| EXERCISE REQUIREMENTS |
Please filter the data below down to the lines holding the string "home".

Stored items
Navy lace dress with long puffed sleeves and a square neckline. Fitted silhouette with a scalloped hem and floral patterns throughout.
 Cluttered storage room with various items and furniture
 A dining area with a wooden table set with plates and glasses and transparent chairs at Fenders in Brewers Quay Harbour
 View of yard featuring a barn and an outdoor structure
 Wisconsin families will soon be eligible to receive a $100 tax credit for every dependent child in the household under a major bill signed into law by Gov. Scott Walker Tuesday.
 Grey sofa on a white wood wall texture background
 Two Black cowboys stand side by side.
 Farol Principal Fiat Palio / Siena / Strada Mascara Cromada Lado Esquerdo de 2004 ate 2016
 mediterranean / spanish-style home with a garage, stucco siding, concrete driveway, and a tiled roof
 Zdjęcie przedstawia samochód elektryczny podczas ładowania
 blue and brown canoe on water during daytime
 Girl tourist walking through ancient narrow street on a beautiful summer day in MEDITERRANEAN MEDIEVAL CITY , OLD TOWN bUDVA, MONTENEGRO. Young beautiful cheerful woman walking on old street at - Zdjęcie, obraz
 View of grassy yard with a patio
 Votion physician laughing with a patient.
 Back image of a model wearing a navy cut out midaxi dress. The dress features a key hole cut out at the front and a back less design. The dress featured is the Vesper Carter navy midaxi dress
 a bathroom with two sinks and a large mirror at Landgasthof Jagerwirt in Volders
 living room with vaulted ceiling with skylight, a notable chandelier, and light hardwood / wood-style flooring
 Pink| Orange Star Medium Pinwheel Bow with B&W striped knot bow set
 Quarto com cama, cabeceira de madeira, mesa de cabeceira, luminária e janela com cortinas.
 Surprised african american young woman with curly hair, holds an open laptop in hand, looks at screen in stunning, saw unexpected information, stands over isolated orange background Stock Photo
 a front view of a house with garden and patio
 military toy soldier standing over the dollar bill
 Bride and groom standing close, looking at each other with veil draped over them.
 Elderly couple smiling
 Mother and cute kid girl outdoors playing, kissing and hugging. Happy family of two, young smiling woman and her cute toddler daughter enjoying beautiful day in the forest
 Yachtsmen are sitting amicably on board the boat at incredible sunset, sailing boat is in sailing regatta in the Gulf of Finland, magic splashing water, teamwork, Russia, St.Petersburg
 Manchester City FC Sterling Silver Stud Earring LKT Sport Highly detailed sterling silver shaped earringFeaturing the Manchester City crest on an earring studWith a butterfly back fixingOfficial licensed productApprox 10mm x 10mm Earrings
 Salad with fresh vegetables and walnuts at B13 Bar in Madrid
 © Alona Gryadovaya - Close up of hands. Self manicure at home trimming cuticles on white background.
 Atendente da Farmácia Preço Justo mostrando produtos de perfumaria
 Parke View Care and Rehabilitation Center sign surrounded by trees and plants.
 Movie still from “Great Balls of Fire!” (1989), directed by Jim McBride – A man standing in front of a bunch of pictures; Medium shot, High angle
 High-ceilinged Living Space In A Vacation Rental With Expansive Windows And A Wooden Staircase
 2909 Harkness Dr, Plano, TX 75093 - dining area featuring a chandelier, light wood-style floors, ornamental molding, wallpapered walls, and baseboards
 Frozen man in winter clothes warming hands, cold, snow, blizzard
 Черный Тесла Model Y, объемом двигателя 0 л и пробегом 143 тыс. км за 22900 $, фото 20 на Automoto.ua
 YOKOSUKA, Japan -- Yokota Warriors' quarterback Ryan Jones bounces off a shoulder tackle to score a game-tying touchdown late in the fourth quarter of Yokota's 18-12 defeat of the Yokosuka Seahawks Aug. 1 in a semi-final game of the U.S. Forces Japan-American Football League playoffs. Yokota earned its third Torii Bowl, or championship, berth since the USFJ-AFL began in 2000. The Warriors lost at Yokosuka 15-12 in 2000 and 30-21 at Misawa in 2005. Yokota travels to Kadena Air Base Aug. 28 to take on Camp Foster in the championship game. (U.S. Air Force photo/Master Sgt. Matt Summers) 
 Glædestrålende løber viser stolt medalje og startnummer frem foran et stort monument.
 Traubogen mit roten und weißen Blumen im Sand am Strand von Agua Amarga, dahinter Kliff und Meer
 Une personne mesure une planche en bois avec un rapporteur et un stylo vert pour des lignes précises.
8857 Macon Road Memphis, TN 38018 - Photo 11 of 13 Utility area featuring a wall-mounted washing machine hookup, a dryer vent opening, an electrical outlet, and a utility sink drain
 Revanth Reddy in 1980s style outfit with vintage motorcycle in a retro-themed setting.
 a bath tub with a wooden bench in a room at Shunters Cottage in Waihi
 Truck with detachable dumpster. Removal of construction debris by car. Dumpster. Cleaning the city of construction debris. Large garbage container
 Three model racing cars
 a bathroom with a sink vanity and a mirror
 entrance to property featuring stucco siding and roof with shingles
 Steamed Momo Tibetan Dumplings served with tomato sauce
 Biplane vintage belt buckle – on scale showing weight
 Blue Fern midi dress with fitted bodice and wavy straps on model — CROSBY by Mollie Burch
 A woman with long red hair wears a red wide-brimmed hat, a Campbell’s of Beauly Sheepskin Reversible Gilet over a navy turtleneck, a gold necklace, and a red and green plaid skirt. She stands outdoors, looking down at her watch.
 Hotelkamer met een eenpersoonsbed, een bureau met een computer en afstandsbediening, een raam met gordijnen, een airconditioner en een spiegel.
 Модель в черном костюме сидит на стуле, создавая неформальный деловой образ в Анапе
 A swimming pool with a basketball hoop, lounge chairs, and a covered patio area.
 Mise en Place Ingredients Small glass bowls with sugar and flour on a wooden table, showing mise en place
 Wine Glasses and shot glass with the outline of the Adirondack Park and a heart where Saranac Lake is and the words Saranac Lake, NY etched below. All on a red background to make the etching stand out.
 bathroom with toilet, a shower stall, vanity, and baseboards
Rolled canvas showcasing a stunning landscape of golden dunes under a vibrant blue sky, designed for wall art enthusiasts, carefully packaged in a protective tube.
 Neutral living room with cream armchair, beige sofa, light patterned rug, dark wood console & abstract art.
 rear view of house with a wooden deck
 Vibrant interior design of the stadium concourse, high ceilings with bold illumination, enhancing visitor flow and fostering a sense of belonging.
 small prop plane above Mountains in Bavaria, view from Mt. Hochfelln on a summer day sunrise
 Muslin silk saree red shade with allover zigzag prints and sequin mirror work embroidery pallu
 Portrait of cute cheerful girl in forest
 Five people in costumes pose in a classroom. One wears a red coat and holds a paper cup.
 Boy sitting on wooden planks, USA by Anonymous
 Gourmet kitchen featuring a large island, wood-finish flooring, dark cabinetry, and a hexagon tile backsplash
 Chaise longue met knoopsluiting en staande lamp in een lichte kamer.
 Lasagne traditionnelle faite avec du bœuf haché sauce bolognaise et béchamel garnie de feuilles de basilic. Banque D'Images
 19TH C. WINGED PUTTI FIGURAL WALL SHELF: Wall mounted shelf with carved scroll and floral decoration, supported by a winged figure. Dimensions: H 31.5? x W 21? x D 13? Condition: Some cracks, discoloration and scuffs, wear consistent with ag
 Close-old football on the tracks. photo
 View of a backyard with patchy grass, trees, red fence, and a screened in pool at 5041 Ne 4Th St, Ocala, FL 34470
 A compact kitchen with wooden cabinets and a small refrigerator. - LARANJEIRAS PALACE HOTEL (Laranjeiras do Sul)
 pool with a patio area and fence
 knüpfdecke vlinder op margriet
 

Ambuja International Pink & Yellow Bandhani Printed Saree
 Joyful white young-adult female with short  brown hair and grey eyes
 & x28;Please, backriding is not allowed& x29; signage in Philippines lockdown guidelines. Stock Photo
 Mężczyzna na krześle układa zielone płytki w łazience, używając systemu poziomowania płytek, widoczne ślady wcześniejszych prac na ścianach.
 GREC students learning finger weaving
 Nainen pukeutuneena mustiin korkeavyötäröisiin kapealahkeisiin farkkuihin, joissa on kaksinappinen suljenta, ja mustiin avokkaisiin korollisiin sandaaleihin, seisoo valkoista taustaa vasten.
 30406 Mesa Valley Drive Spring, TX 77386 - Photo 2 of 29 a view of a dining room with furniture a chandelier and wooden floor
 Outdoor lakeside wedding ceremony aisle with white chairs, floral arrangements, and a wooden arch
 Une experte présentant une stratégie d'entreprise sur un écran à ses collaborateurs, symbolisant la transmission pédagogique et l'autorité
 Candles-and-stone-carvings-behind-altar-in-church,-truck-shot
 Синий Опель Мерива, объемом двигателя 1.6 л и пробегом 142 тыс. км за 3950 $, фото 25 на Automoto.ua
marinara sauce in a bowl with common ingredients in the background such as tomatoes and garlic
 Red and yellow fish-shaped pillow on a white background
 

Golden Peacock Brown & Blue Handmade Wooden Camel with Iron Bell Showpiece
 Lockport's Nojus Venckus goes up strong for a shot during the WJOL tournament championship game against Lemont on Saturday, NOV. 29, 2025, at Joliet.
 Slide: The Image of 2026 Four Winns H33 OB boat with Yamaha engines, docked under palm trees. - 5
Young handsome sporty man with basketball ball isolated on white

| TASK RESPONSE |
 mediterranean / spanish-style home with a garage, stucco siding, concrete driveway, and a tiled roof
 © Alona Gryadovaya - Close up of hands. Self manicure at home trimming cuticles on white background.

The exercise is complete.